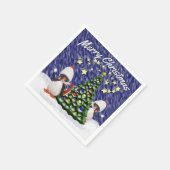 Schattigee Pinguïn Kerstboom Sneeuwscène Sjabloon Servetten (Hoek)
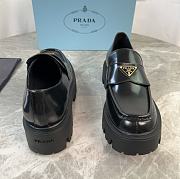 Prada Black Smooth Leather Loafers With Gold Hardware - 2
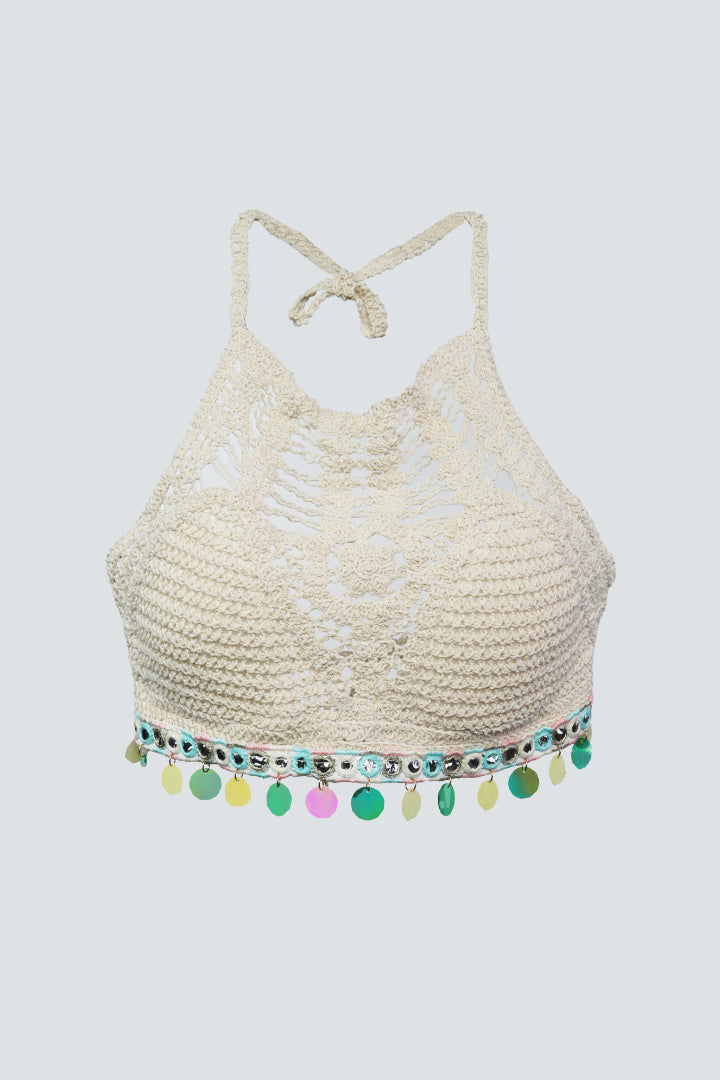 AXTZH Women’s Stylish Crochet Beachwear Crop Top with High Neck and Statement Hemline X0169-BEIGE8-BW1PBL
•••••
_EXERCISE_
A word-for-word copy of all the data, without pictures, is the expected output.

_OUTPUT_
 Schattigee Pinguïn Kerstboom Sneeuwscène Sjabloon Servetten (Hoek)
 Prada Black Smooth Leather Loafers With Gold Hardware - 2
 AXTZH Women’s Stylish Crochet Beachwear Crop Top with High Neck and Statement Hemline X0169-BEIGE8-BW1PBL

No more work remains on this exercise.